\ifdraft
\svnInfo $Id$
\fi

We have introduced the Arpeggio content sharing system, which provides
both a metadata indexing system and a content distribution
system. Arpeggio differs from other peer-to-peer networks in that both
aspects are implemented using a DHT-based lookup algorithm, allowing
it to be both fully decentralized and scalable. We extend
the standard DHT interface to support not only lookup-by-key but
search-by-keyword queries. In order to make distributed indexing scale
to the size of a peer-to-peer file sharing network, we introduce
network-side processing techniques such as index-side filtering, index
gateways, and expiration. For metadata indexing, where the average
number of keywords per file is small, we improve query load balancing
by indexing based on keyword sets rather than individual keywords. 

For the content-distribution side of the system, we provide two
options.
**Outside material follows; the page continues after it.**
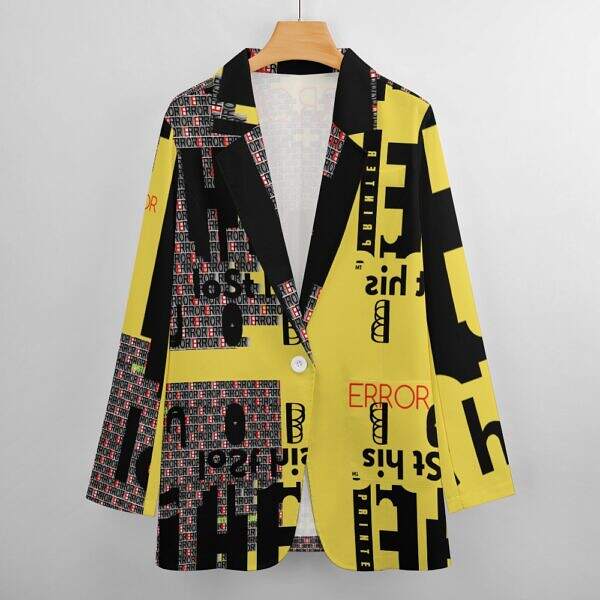 The-Printer-lost-his-Job™ Women's Blazer Jacket | ERROR CODE - Image 47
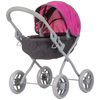 CHIPOLINO Globok voziček za lutke Daisy Grey,Pink linen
We introduce a new content-distribution system based on
indirect storage via Chord subrings that uses chunking to leverage
file similarity, and thereby optimize availability and transfer speed.
It further enhances availability by using postfetching, which uses cache
space on other peers to replicate rare but demanded
files. Alternatively, for ease of deployment, we present a simpler
alternative that uses the trackerless BitTorrent system to handle much
of the content distribution tasks.

Arpeggio has been implemented, providing a core indexing module that
can be used with a variety of user interfaces. Currently available are
a web interface that allows convenient searches for BitTorrent files,
and a plugin for a popular BitTorrent client that automatically
registers shared files with the distributed index.

Our simulation studies evaluate the feasibility of using Arpeggio to
index files from Gnutella, various BitTorrent search sites, and the
FreeDB CD database. We find that keyword-set indexing improves query
load balancing, and Arpeggio is able to perform scalably under a
Gnutella-based synthetic workload.

%%% Local Variables: 
%%% mode: latex
%%% TeX-master: "thesis"
%%% TeX-command-default: "rubber"
%%% End: 

% LocalWords:  metadata DHT lookup BitTorrent trackerless postfetching subrings
% LocalWords:  plugin Gnutella FreeDB